Who’s to blame when a group of savages take innocent people hostage, commit atrocities, and spur the forces of civilization to strike back, sparking a conflict that, regrettably, claims the lives of more innocent people? If you’ve followed the way the international community—that mythical body of self-appointment bureaucrats who see themselves as everyone’s moral betters—has dealt with Israel, you know the answer by now. To organizations like Amnesty International, the real culprits are never the Palestinian terrorists who use human shields or launch missiles at school children, always the Israeli army doing its best to defend its citizens without causing unnecessary loss of life on the other side. The term of art for this reprehensible approach is moral equivalence. And you won’t be surprised to hear that, having mastered the skill of both-sides-are-to-blame with Hamas, Amnesty is now extending the same courtesy to ISIS.

In a new report, released earlier this week and entitled “At Any Cost: The Civilian Catastrophe in West Mosul, Iraq,” the organization paid lip service to the idea that the Islamic State—purveyors of sexual slavery, beheadings, and other brutalities—inflicted some suffering on Mosul’s population before getting to the real culprit, the US-led coalition.
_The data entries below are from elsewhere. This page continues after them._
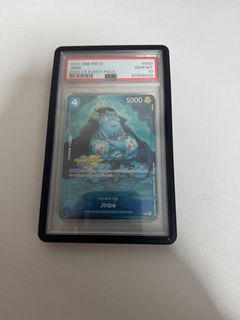 （分類：）位於 。 由 caralatte 提交（商品編號 1445361822，圖片 1）。簡介： 。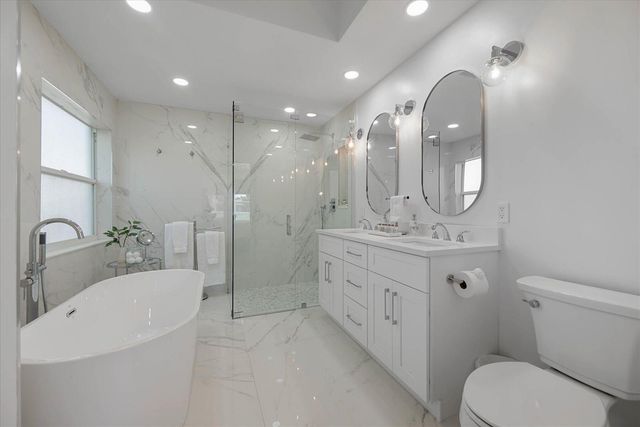 4145 Bahia Isle Circle, Wellington, FL 33449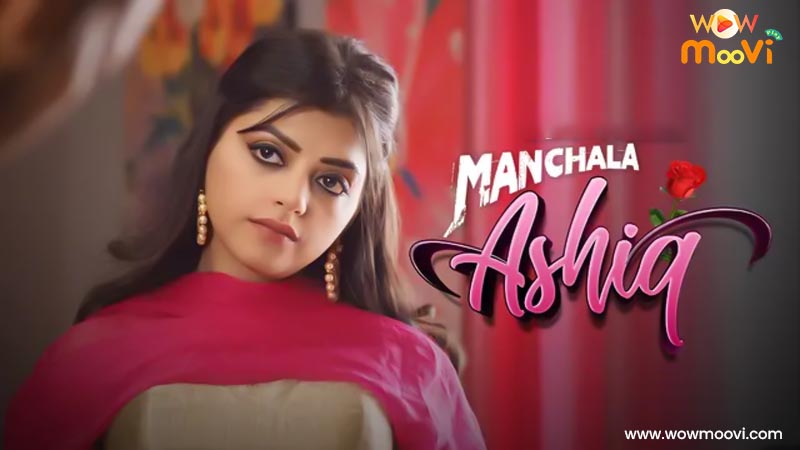 Manchala Ashiq S01 | Season 01 | Episode 04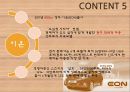 국제가격전략 - 현대자동차그, 국제 자동차 가격에 미치는 영향요인, 국내가격전략, 미국가격전략, 인도가격전략.PPT자료 25페이지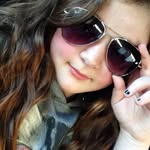 Mia Rudd - @live_and_love_mia - Instagram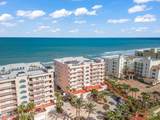 1835 Highway A1a - Photo 43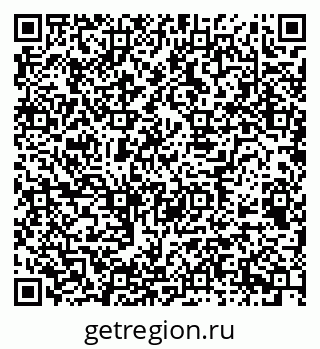 79658596814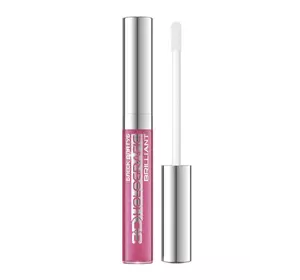 Блеск для губ Eveline 3d holografic brilliant №55. (5907609308795) Блеск для губ Eveline 3d holografic brilliant №55. (5907609308795)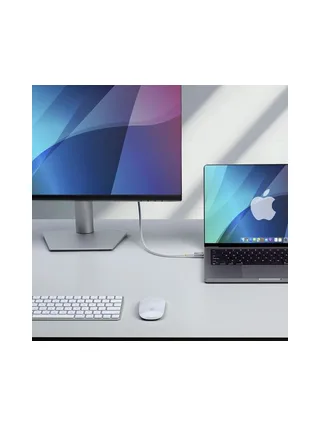 StarTech.com CC3M20GUSB4CX USB cable 5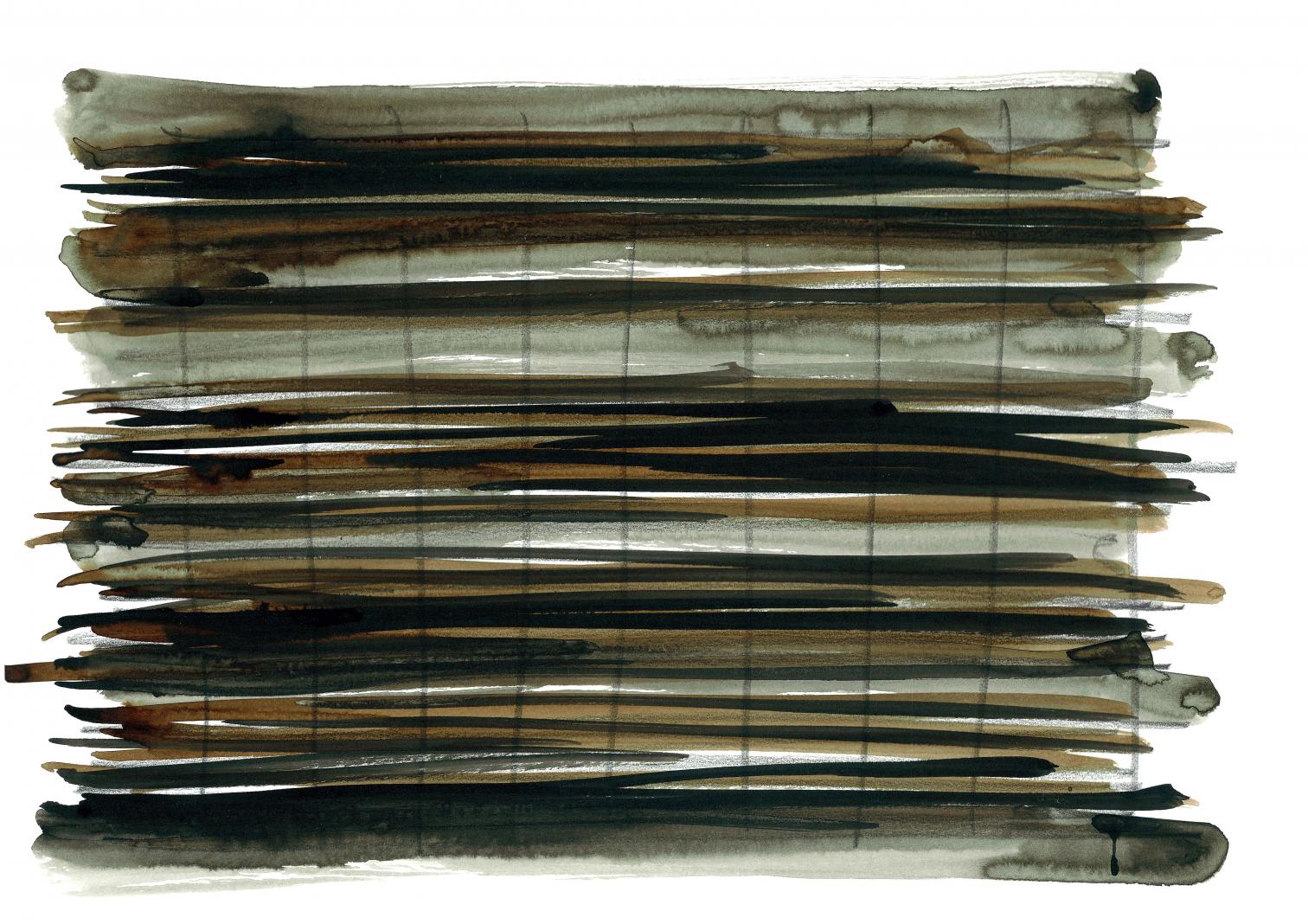 比利时根特市新媒体图书馆-10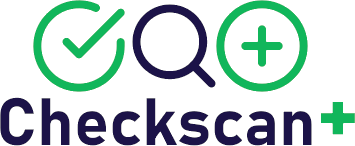 Check24 interview questions picture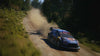 WRC 23 - PlayStation 5 (EU)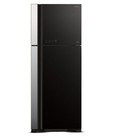 Tủ Lạnh Hitachi R VG540PGV3, 450 Lít, tiết kiệm điện, Model hot nhất năm 2015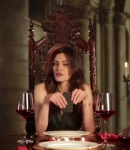 The_Originals__My_Dinner_With_Phoebe_Tonkin_0608.jpg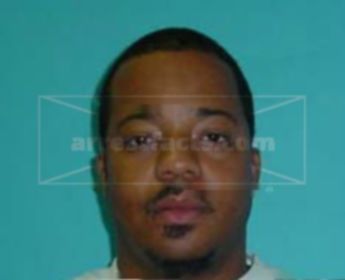 Grayton Williams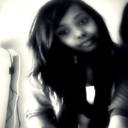 overrated-swag-blog-blog avatar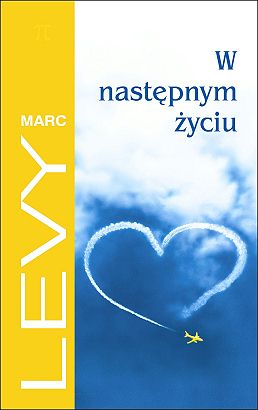 W następnym życiu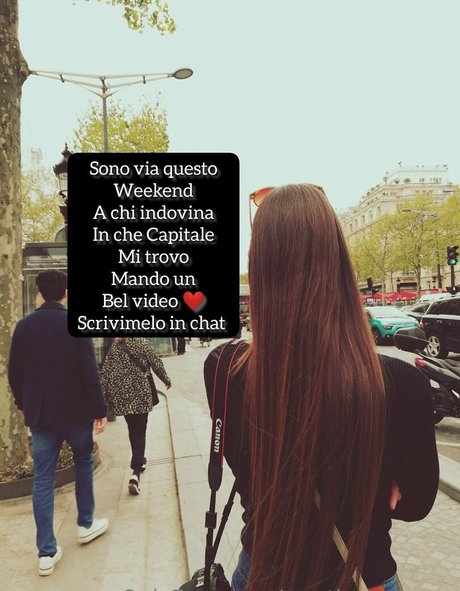 hot mature onlyfans beautiful nude image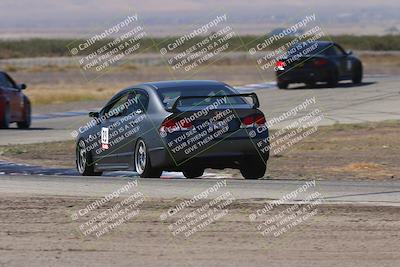 media/Oct-04-2025-OnGrid (Sat) [[44bd565ffa]]/Pink Group/Grapevine/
“Iraqi government and US-led coalition forces failed to adequately adapt their tactics to these challenges—as required by international humanitarian law—with disastrous consequences for civilians,” thunders the report. Then, lest you have any doubt what ought to be done next, the report ends with a call to action. “Don’t Let These Crimes Be Buried,” reads a bold headline, before making a list of demands, including a public acknowledgment of “the scale and gravity of the loss of civilian lives during the Mosul battle” and reparations for the victims and their families.

As armies around the world continue to struggle with benighted forces seizing cities and using civilians as human shields, there’s certainly room for discussion about optimal tactics to minimize collateral damage. But for a group purporting to fly the banner of human rights to present both the barbarians who seized Mosul and the imperfect soldiers who risked their lives to liberate it is a farce. If Amnesty truly wants to be faithful to its mission statement of protecting people “wherever justice, freedom, truth, and dignity are denied,” it may start by taking the small but crucial step of not defending ISIS.